In formulating and proposing policies, the function seeks to ensure that the Authority is proactive in the face of new opportunities, perceived risks and changing international standards which may impact the financial services sector, whilst fostering innovation and enhancing access to financial products. The function hence contributes towards strengthening Malta’s framework for the regulation of the sector, whilst promoting and coordinating strategic thinking across all functions within the MFSA.
As part of its remit, the function is also responsible for participating in selected local, EU and international fora, including committees of the European Supervisory Authorities, which may impinge on the Authority’s strategies and policies.
The Strategy, Policy and Innovation function is led by Clare Farrugia.
Supervisory Quality Assurance
Supervisory Quality Assurance is a newly-set up function within the MFSA, enabling the Authority to put more focus in this area, in line with European Central Bank (ECB) recommendations.
Headed by Catherine Galea, the main role of the function centres around the review of supervisory approaches in order to safeguard the consistency and quality of supervisory activities, while acting as a key contributor to the development of homogeneity across supervisory functions and in line with European Supervisory Authority standards.
From a quality assurance perspective, it ensures the proper use and continuous enhancement of the holistic supervisory framework and promotes supervisory standards in line with international best practices and the MFSA’s vision. As part of its ongoing work, the function is also responsible for identifying emerging risks and deficiencies in the internal supervisory processes and offer recommendations to address shortcomings.
Supervisory Quality Assurance at the MFSA is led by Catherine Galea.
The Technology function at MFSA leverages cutting-edge technology, industry standards and methodologies to provide reliable services to the rest of the organisation and the entities interacting with the Authority through digital means. The team provides operational support to the other functions of the Authority and is responsible for managing the Authority’s resources, efficiently supporting the overall business strategy.
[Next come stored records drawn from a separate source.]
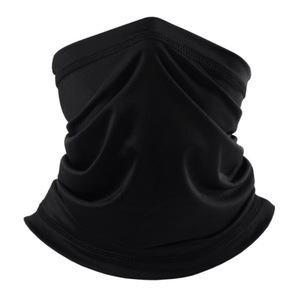 Caciuli sport barbati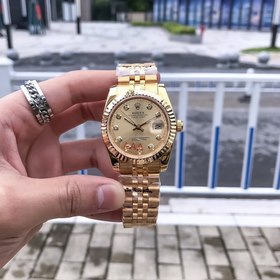 Часы Rolex серии Datejust оснащены импортным механизмом 2813. Нек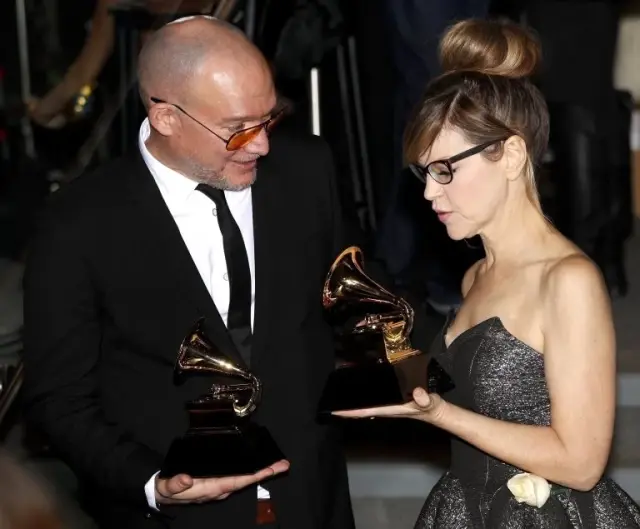 Grammy Ödül Törenine Bruno Mars ve Beyaz Güller Damga Vurdu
It is responsible for technology design, development, integration and delivery of all the information and communications infrastructure, platforms and services, and works with several technology vendors and partners. It also ensures the protection of data based on the principles of data privacy, while mitigating against cyber threats using advanced protection mechanisms.
Technology is also assigned with the responsibility of providing information security analysis to the Regulatory functions. Officials from the Technology team participate in several European committees, expert groups and industry fora.
The Technology team at MFSA is led by Reuben Vella.
Virtual Financial Assets
In an attempt to gain first mover advantage and establish Malta as a leader in this sector, the MFSA has been one of the first regulators in the world to introduce a regulatory framework for virtual financial assets.
The Virtual Financial Assets Framework was created to provide legal certainty to crypto assets and new technologies being used in financial services, whilst at the same time ensuring investor protection, market integrity and financial stability.
The framework establishes three types of authorisations; those of VFA Agents, Whitepapers, and VFA Service Providers. The Virtual Financial Assets function within the Supervisory Directorate is responsible for receiving applications, granting authorisations and supervising licence holders within this regulatory framework.
Herman Ciappara heads the Virtual Financial Assets function within the Authority.